Les premiers km sur la Carratera Austral, Chili, 20.01.2017
- Clem'trotter
- 15 nov. 2018
- 6 min de lecture
Dernière mise à jour : 30 nov. 2018
Depuis une semaine on s’est enfui de l’Argentine, non pas que le pays nous veuille plus, mais la façon dont on est arrivé au Chili ressemble à celle de fugitifs ou réfugiés Argentins ! Et maintenant nous voilà à parcourir la Carratera Austral, une piste aux paysages magnifiques qui traverse une des zones les moins peuplés du Chili. Bienvenue dans la Patagonie oubliée !

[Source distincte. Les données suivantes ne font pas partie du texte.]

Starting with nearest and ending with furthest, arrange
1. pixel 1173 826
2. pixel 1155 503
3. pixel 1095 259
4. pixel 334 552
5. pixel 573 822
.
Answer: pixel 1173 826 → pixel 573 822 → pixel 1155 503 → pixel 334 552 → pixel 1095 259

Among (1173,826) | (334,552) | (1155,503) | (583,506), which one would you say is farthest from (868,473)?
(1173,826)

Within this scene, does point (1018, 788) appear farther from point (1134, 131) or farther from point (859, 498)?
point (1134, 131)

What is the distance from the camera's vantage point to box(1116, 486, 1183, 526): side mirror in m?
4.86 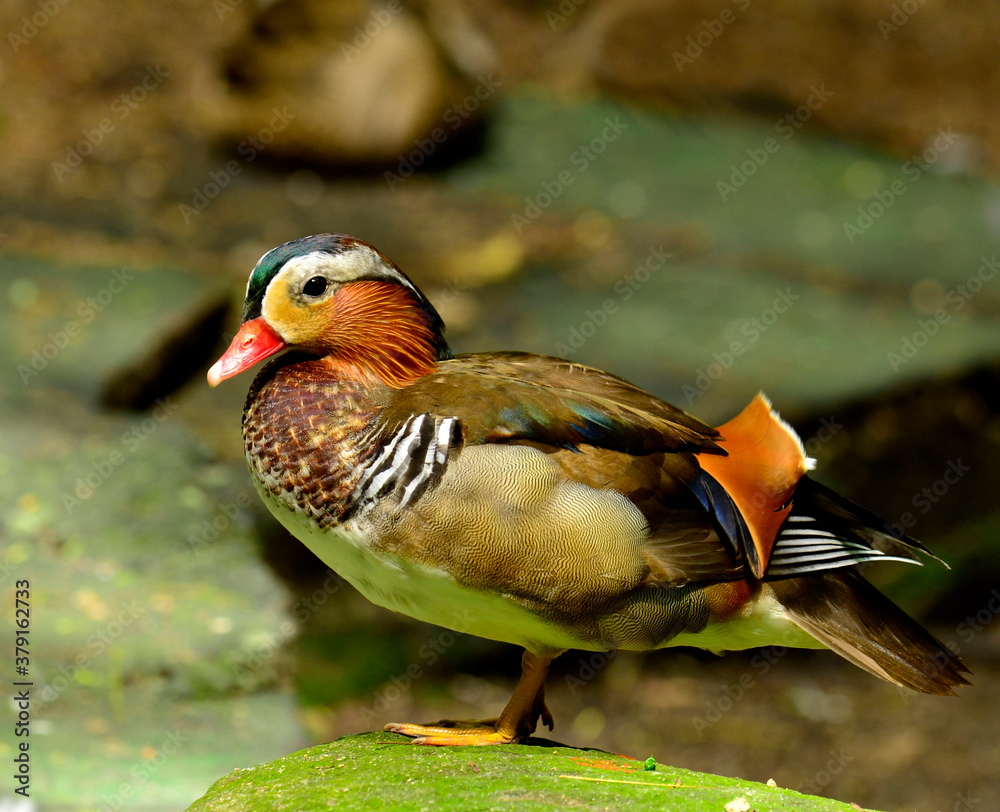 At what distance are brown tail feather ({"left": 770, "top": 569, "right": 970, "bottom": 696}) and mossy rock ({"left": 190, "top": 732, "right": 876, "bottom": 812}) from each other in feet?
1.29

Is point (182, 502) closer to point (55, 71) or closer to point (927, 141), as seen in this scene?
point (55, 71)

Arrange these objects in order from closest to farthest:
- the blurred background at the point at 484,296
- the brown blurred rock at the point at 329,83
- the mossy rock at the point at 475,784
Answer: the mossy rock at the point at 475,784 < the blurred background at the point at 484,296 < the brown blurred rock at the point at 329,83

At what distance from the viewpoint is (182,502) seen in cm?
515

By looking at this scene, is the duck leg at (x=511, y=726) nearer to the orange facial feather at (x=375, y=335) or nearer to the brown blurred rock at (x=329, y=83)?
the orange facial feather at (x=375, y=335)

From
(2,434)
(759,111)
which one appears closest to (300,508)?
(2,434)

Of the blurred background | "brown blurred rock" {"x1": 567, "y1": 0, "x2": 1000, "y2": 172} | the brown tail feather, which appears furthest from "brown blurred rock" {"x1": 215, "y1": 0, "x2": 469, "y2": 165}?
the brown tail feather

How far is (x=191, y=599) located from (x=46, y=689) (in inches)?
25.8

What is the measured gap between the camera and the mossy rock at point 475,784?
2.47 metres

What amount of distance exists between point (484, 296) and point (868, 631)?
13.7 feet

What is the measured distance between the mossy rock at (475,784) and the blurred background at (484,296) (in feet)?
4.85

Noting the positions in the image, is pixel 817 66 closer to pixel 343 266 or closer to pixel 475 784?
pixel 343 266

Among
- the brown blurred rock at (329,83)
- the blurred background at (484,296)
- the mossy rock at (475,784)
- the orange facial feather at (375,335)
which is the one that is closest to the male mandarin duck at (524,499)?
the orange facial feather at (375,335)

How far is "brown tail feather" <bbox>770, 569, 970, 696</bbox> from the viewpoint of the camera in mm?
2859

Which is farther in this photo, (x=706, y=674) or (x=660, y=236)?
(x=660, y=236) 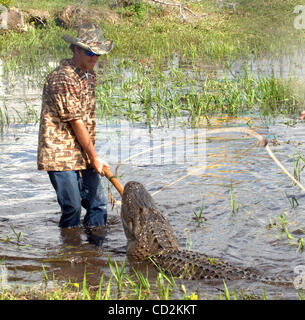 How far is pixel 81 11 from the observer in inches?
723

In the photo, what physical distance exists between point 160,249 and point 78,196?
862 millimetres

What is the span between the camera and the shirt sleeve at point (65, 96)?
4.39 meters

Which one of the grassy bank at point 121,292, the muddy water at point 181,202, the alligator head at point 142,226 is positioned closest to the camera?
the grassy bank at point 121,292

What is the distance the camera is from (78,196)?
4746mm

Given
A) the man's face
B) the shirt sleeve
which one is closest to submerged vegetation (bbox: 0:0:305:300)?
the shirt sleeve

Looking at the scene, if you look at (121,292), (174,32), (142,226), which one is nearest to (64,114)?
(142,226)

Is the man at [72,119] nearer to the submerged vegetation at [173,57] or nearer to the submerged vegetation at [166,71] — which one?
the submerged vegetation at [166,71]

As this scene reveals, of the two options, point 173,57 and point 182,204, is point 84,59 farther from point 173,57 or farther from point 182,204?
point 173,57

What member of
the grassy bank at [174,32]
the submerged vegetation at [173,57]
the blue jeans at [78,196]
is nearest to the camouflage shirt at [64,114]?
the blue jeans at [78,196]

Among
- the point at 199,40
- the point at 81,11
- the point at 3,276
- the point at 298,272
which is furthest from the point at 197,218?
the point at 81,11

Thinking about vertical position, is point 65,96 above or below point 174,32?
below

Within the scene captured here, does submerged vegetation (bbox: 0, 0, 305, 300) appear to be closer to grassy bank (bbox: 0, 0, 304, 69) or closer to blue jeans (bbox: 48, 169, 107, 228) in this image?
grassy bank (bbox: 0, 0, 304, 69)

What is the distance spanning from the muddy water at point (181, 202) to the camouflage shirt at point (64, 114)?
77cm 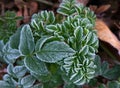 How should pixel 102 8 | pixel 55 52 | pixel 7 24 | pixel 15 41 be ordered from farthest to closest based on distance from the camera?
pixel 102 8
pixel 7 24
pixel 15 41
pixel 55 52

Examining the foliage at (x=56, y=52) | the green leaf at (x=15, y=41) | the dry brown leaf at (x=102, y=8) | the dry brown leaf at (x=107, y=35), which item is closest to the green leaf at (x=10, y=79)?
the foliage at (x=56, y=52)

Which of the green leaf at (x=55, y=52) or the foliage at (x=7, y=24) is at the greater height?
the foliage at (x=7, y=24)

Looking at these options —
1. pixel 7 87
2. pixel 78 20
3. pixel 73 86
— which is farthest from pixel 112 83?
pixel 7 87

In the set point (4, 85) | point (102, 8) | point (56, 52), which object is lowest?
point (4, 85)

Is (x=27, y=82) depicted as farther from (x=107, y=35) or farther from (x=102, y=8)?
(x=102, y=8)

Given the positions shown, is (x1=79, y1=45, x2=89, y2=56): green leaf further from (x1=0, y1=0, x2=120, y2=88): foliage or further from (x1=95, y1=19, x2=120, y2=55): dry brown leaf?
(x1=95, y1=19, x2=120, y2=55): dry brown leaf

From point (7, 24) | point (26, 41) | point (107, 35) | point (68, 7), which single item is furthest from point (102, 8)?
point (26, 41)

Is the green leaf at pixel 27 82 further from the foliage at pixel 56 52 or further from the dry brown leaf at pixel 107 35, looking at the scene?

C’est à l’arrière d’un pick-up que l’on quitte, jeudi, El Chaltén, avant de grimper à l’arrière d’un autre, où il y a déjà un couple de Français, qui nous dépose à laguna del Desierto, fin de la route.
Avec Marine et Rémy, on préfère faire les 12 km à pied le long du lac plutôt que sur le bateau qui coûte un peu cher ! La rando est technique et offre de beaux panoramas sur la laguna. Le soir, on arrive au poste frontière argentin : une maisonnette, au bout du lac et au pied des montagnes, abritant un camping sommaire. Vendredi matin, le cabineros, assis sur l’unique mobilier de la pièce, tamponne notre passeport et nous indique le chemin à suivre pour rejoindre le post frontière Chilien.

La première portion du chemin est encore technique surtout pour ceux qui le réalisent à vélo, et ils sont nombreux. Puis, c’est sur un chemin long de 15 km, dans le no man’s land entre Argentine et Chili, favorable cette fois aux cyclistes, que nous marchons jusqu’à la douane Chilienne. Le bureau fait face à l’immense lac bleu turquoise de St Martin. Les cabineros ont la vie facile ici ! Avec notre tampon Chilien, nous posons notre tente dans l’unique camping surplombant le lac et l’embarcadère du ferry. La soirée se partage avec les allemands, les suisses et les français qui s’apprêtent à faire la Carratera Austral à vélo ou en stop !

Samedi, c’est une journée dimanch-esque. Le ferry que l’on doit prendre pour traverser le lac St Martin et rejoindre Villa O’Higgins ne part qu’à 17 h. Alors, on ne fait rien ou presque. Le matin, on attend que la pluie cesse en jouant aux cartes et, l’après-midi, on joue aux cartes pendant que la tente sèche. La traversée qui dure 3h30 est quelque peu mouvementée sur ce petit ferry. A notre arrivée au débarcadère, Rémy et Marine grimpent dans un pick-up. Nous faisons de même, avec Andy un Argentin rencontré la veille, dans un autre pick-up, évitant ainsi de payer le bus pour rejoindre la ville.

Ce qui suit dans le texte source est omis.